▶ [EXERCISE BRIEF]
Repeat, please, only the lines from the top of the data down to the line with "image of the"; include both of those lines.
──────────────────────────────
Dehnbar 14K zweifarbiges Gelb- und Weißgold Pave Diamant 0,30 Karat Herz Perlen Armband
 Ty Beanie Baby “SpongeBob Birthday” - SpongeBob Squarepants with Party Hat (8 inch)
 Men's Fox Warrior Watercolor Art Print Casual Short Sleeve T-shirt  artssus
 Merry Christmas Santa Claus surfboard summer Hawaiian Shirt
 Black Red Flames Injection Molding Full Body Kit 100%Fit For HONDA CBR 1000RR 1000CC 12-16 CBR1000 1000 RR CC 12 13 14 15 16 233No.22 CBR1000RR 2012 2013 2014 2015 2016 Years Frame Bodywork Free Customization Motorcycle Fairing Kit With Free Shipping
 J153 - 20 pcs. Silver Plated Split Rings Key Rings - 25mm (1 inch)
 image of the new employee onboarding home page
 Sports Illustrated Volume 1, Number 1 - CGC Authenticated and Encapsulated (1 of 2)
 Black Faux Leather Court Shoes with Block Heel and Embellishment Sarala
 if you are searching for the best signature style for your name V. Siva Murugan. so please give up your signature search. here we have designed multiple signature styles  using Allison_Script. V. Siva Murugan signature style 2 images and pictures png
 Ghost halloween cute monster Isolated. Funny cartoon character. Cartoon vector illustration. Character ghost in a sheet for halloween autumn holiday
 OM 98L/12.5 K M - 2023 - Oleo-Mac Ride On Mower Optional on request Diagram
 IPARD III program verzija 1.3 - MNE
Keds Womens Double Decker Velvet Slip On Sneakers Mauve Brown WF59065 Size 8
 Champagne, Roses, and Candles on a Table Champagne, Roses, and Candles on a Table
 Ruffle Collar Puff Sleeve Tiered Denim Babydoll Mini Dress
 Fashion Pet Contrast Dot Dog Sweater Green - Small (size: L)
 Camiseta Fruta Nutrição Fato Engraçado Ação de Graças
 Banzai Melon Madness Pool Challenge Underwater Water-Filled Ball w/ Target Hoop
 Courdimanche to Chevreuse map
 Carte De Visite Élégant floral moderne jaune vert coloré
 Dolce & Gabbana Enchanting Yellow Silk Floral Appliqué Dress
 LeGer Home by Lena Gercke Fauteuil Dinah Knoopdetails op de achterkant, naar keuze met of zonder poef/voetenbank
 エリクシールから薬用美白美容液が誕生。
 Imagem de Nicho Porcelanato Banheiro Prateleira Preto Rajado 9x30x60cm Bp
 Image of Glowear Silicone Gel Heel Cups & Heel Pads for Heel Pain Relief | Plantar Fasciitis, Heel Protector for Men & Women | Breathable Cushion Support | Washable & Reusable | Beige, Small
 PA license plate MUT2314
──────────────────────────────
▶ [EXERCISE RESPONSE]
Dehnbar 14K zweifarbiges Gelb- und Weißgold Pave Diamant 0,30 Karat Herz Perlen Armband
 Ty Beanie Baby “SpongeBob Birthday” - SpongeBob Squarepants with Party Hat (8 inch)
 Men's Fox Warrior Watercolor Art Print Casual Short Sleeve T-shirt  artssus
 Merry Christmas Santa Claus surfboard summer Hawaiian Shirt
 Black Red Flames Injection Molding Full Body Kit 100%Fit For HONDA CBR 1000RR 1000CC 12-16 CBR1000 1000 RR CC 12 13 14 15 16 233No.22 CBR1000RR 2012 2013 2014 2015 2016 Years Frame Bodywork Free Customization Motorcycle Fairing Kit With Free Shipping
 J153 - 20 pcs. Silver Plated Split Rings Key Rings - 25mm (1 inch)
 image of the new employee onboarding home page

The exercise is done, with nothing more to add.